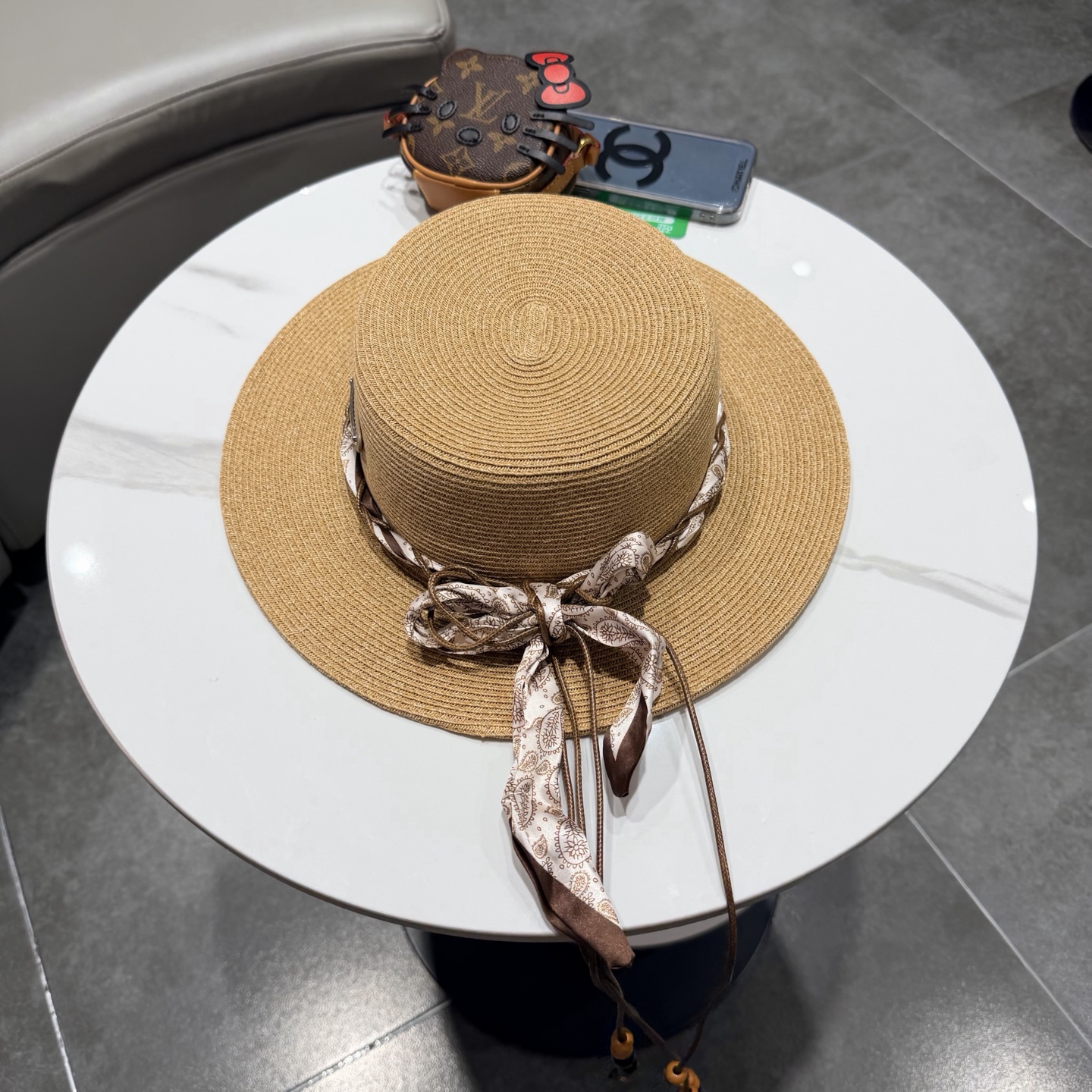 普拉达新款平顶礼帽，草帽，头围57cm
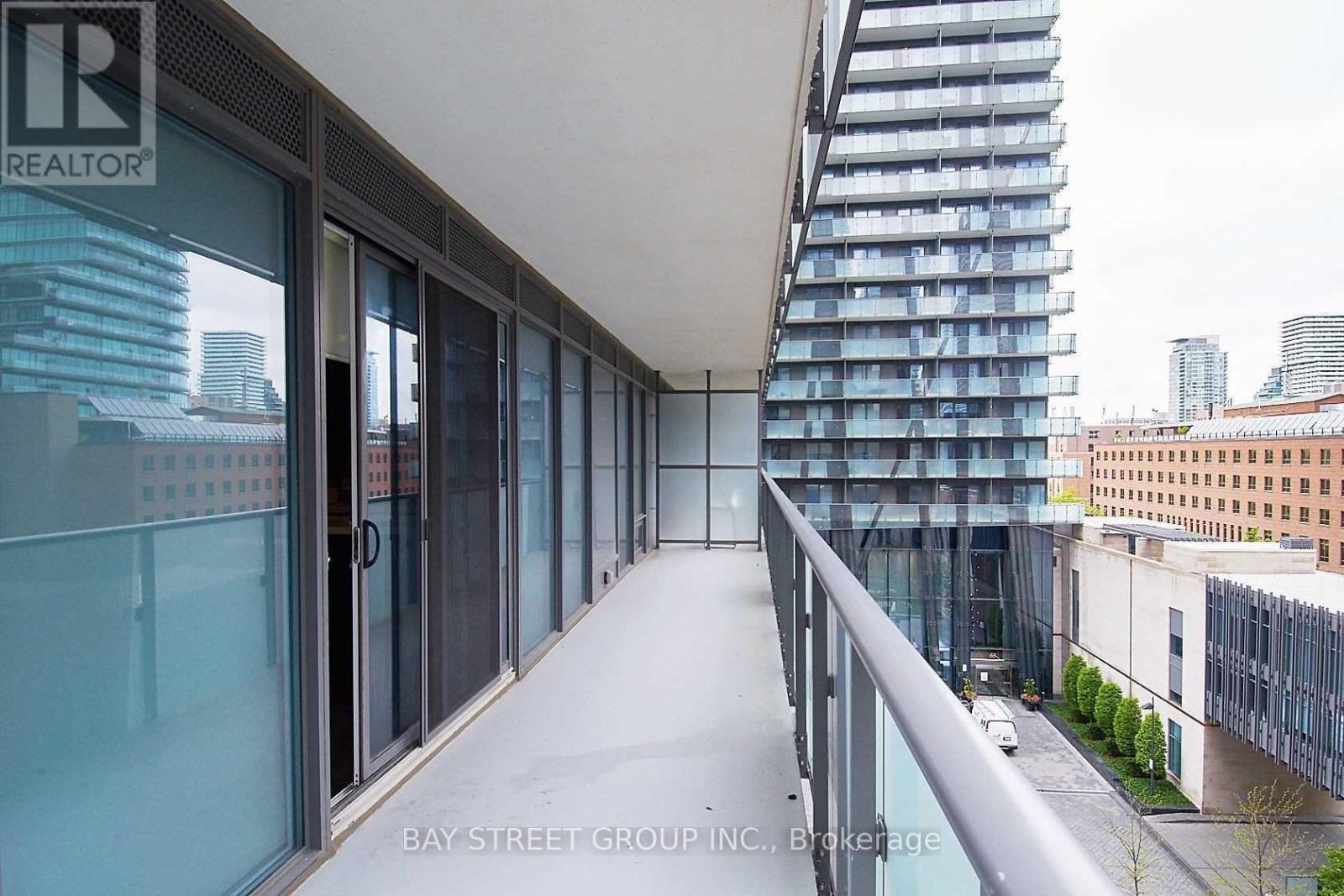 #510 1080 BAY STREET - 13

* * *

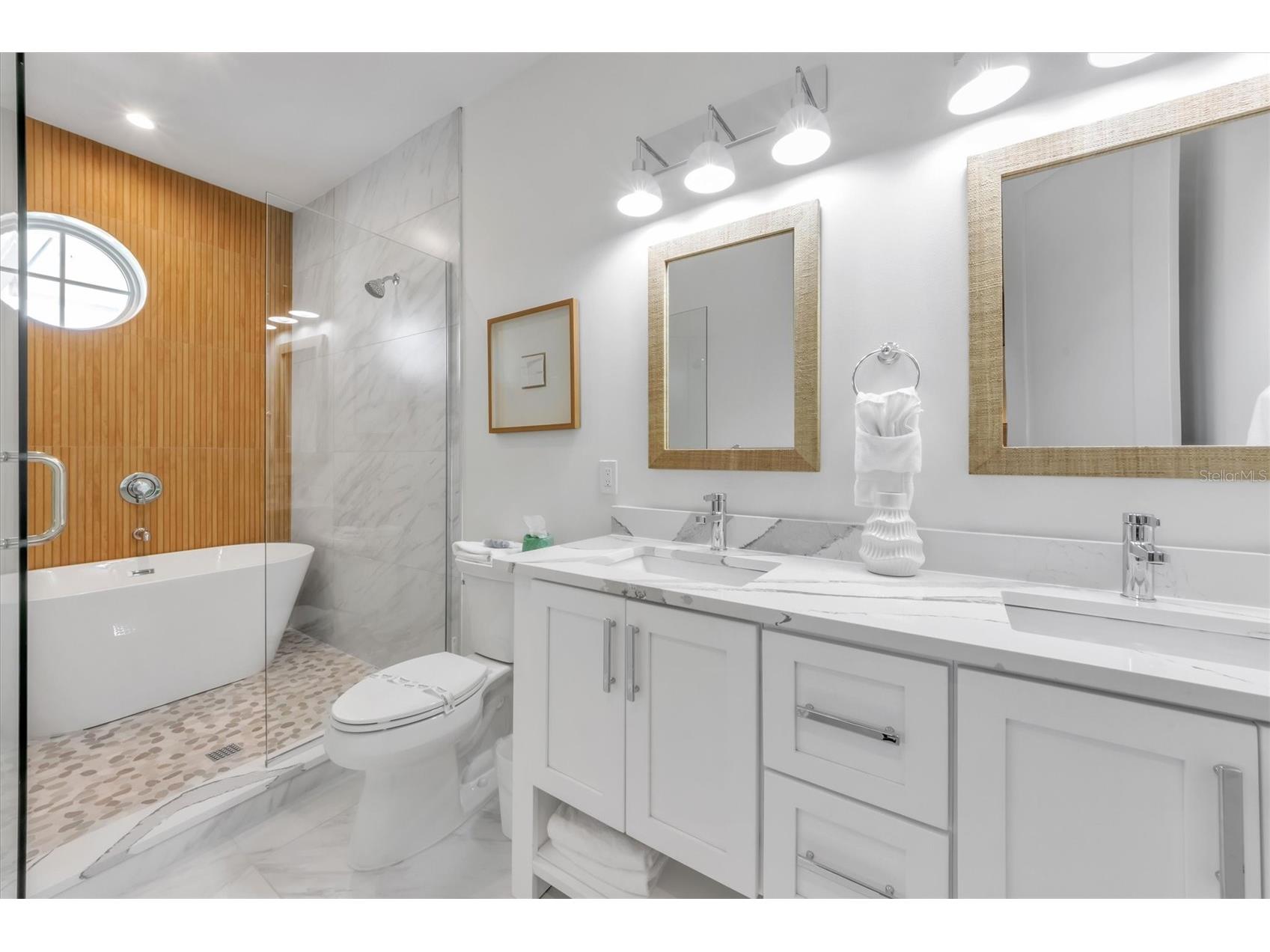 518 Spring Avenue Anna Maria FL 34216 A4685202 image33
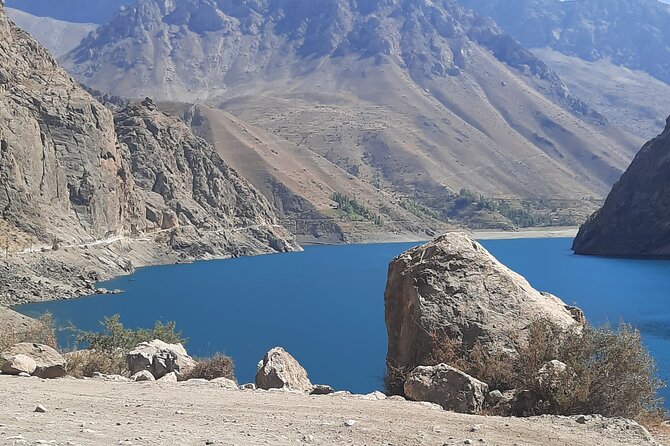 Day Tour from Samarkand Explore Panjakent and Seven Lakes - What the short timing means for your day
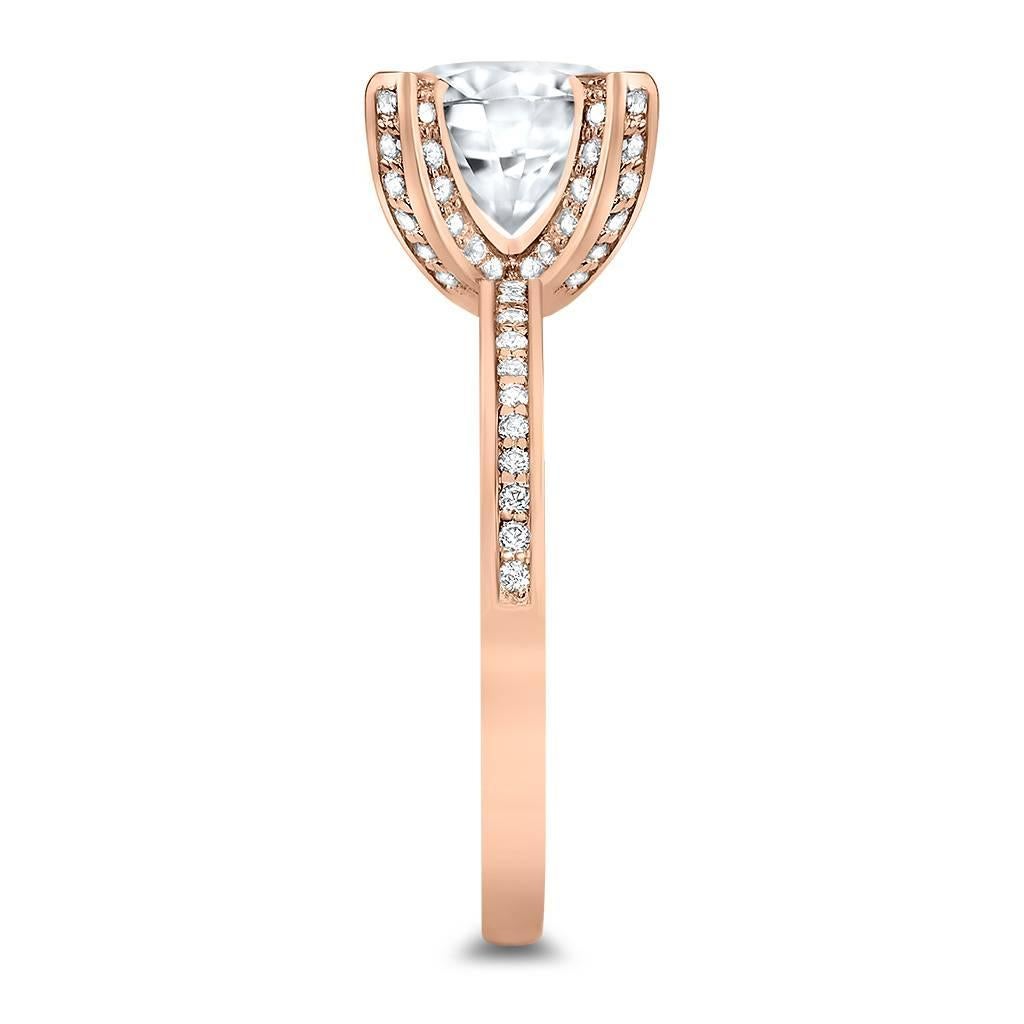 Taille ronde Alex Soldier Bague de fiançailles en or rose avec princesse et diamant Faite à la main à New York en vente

Work to complete => Taking the records above, print only and exactly the lines from the line with "518 Spring Avenue" to the line with "Taille ronde Alex", both kept, and exclude pictures.

Exercise solution =>
 518 Spring Avenue Anna Maria FL 34216 A4685202 image33
 Day Tour from Samarkand Explore Panjakent and Seven Lakes - What the short timing means for your day
 Taille ronde Alex Soldier Bague de fiançailles en or rose avec princesse et diamant Faite à la main à New York en vente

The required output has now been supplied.